**Aim of the exercise**
Repeat the listing that comes next, leaving nothing out and changing nothing.

==== Records for this exercise

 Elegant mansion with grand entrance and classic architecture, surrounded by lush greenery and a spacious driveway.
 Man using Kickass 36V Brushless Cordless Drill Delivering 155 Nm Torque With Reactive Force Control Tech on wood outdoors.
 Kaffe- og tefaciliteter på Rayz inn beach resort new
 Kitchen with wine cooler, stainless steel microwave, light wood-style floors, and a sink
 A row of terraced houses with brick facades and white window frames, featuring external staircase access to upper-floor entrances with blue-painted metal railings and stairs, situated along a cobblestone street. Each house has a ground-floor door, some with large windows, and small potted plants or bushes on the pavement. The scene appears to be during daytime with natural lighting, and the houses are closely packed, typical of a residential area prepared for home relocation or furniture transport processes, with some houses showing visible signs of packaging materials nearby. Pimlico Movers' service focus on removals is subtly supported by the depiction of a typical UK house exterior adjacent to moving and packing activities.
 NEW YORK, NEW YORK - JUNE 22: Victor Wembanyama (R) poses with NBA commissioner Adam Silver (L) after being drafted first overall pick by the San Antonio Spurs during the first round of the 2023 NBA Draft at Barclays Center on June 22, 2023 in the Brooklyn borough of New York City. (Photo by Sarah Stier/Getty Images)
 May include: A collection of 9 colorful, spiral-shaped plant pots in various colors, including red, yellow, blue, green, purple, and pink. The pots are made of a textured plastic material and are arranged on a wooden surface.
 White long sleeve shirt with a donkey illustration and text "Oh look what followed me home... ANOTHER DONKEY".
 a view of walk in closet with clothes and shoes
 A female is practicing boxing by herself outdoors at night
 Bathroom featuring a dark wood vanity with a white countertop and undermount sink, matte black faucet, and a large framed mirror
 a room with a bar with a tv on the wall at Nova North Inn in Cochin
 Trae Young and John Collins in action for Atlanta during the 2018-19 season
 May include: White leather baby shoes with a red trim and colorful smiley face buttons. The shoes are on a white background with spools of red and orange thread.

========

**Task output**
 Elegant mansion with grand entrance and classic architecture, surrounded by lush greenery and a spacious driveway.
 Man using Kickass 36V Brushless Cordless Drill Delivering 155 Nm Torque With Reactive Force Control Tech on wood outdoors.
 Kaffe- og tefaciliteter på Rayz inn beach resort new
 Kitchen with wine cooler, stainless steel microwave, light wood-style floors, and a sink
 A row of terraced houses with brick facades and white window frames, featuring external staircase access to upper-floor entrances with blue-painted metal railings and stairs, situated along a cobblestone street. Each house has a ground-floor door, some with large windows, and small potted plants or bushes on the pavement. The scene appears to be during daytime with natural lighting, and the houses are closely packed, typical of a residential area prepared for home relocation or furniture transport processes, with some houses showing visible signs of packaging materials nearby. Pimlico Movers' service focus on removals is subtly supported by the depiction of a typical UK house exterior adjacent to moving and packing activities.
 NEW YORK, NEW YORK - JUNE 22: Victor Wembanyama (R) poses with NBA commissioner Adam Silver (L) after being drafted first overall pick by the San Antonio Spurs during the first round of the 2023 NBA Draft at Barclays Center on June 22, 2023 in the Brooklyn borough of New York City. (Photo by Sarah Stier/Getty Images)
 May include: A collection of 9 colorful, spiral-shaped plant pots in various colors, including red, yellow, blue, green, purple, and pink. The pots are made of a textured plastic material and are arranged on a wooden surface.
 White long sleeve shirt with a donkey illustration and text "Oh look what followed me home... ANOTHER DONKEY".
 a view of walk in closet with clothes and shoes
 A female is practicing boxing by herself outdoors at night
 Bathroom featuring a dark wood vanity with a white countertop and undermount sink, matte black faucet, and a large framed mirror
 a room with a bar with a tv on the wall at Nova North Inn in Cochin
 Trae Young and John Collins in action for Atlanta during the 2018-19 season
 May include: White leather baby shoes with a red trim and colorful smiley face buttons. The shoes are on a white background with spools of red and orange thread.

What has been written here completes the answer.